Rost, as well as the co-authors on some of the chapters, John M. Kessenich and Barthold Lichtenbelt, all employees of the graphics hardware vendor 3Dlabs, were driving forces behind the inception of the OpenGL Shading Language. They are also core contributors to the final language specification as well as the OpenGL extensions that provide the framework for this new shading language. So the information in the book actually comes from the people that created the language, which is a definite plus.
The book consists of 17 chapters and two appendices which can be roughly categorized into four major parts: An introduction to the basics of OpenGL and GPU programmability; a description of the OpenGL Shading Language and the associated OpenGL extensions; a number of chapters that show the shading language in action; and finally a reference section on the language grammar and the entry points introduced by the new OpenGL extensions. Each chapter of the book has numerous interesting references to get further information on the presented topics. I can only recommend taking a closer look at some of them.

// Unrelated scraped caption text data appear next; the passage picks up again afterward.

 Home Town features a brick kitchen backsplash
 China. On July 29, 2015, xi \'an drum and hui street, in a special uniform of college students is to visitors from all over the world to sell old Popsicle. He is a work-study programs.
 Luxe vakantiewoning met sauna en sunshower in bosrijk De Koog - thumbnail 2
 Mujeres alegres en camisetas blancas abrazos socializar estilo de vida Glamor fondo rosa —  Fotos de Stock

The first two chapters of the book describe the basics of the OpenGL graphics API, followed by an overview of the new programmable processors in the graphics pipeline and an overview of the shading language used to program them. The introductory chapter on OpenGL basics is very well written and worth the read even for more experienced OpenGL programmers. However, as mentioned above, the reader should have enough expertise in using OpenGL to be able to understand the more advanced parts of the book. The introductory chapter won't be enough in my opinion.
The third chapter, written by John Kessenich - one of the main authors of the OpenGL shading language specification - presents the language definition. This chapter is where the basic data types as well as the available control structures are described in detail. For people interested in writing a compiler for the OpenGL Shading Language, Appendix A also contains the entire language grammar in BNF.

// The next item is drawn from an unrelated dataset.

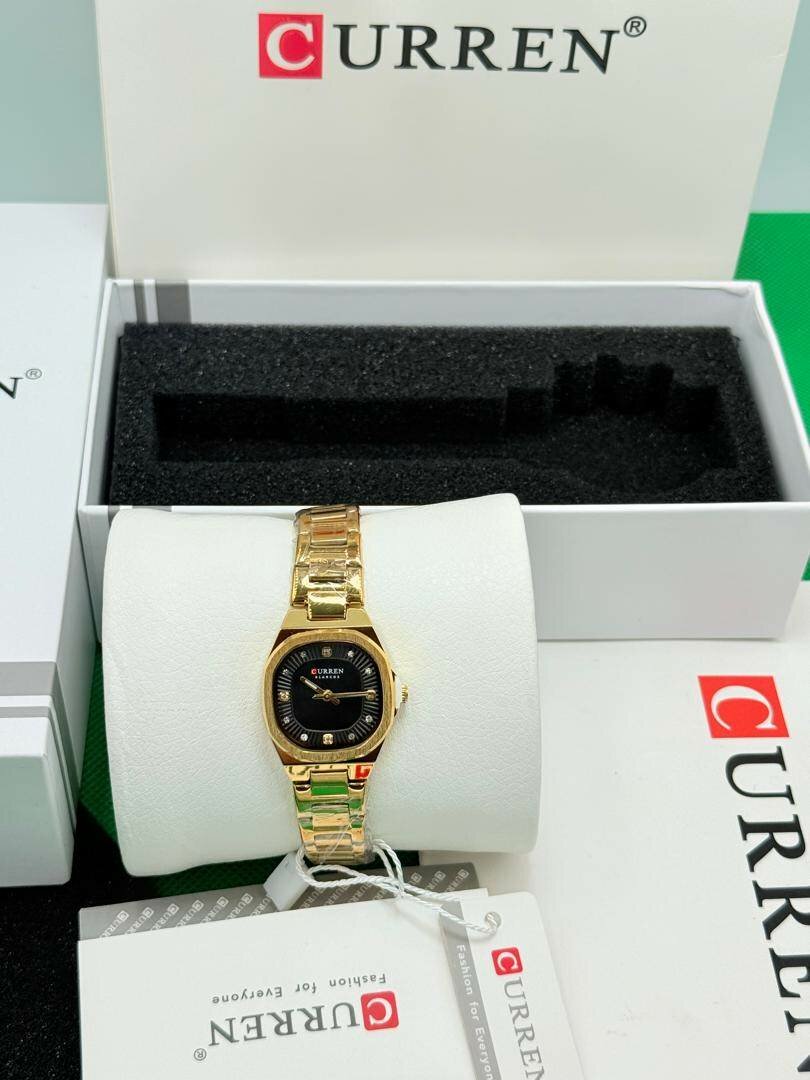 Montre CURREN dorée élégante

Chapter four moves on to describe the programmable graphics pipeline, which was first introduced in the second chapter, in more detail. The programmable vertex and fragment processors and their interaction with OpenGL's fixed functionality are presented. In chapter five, the description of the shading language concludes with the available built-in functions. Chapter six offers the first simple example that shows the shading language in action - a shader to procedurally create a brick texture.
Until this point, the book doesn't talk much about how to integrate shaders into the host program running on the CPU. New OpenGL extensions were created for this purpose, in particular GL_ARB_shader_objects, GL_ARB_vertex_shader, and GL_ARB_fragment_shader. Chapter seven contains detailed descriptions of the entry points provided by these new extensions. Among other things, it describes how shader objects are created, compiled, and then linked to form shader programs that can then be used to render objects. Appendix B also has a reference section on the new entry points similar in style to the "Blue Book." Chapter seven concludes the dry, technical part of the book that introduced both the shading language and the necessary infrastructure to use it from a host program running on the CPU.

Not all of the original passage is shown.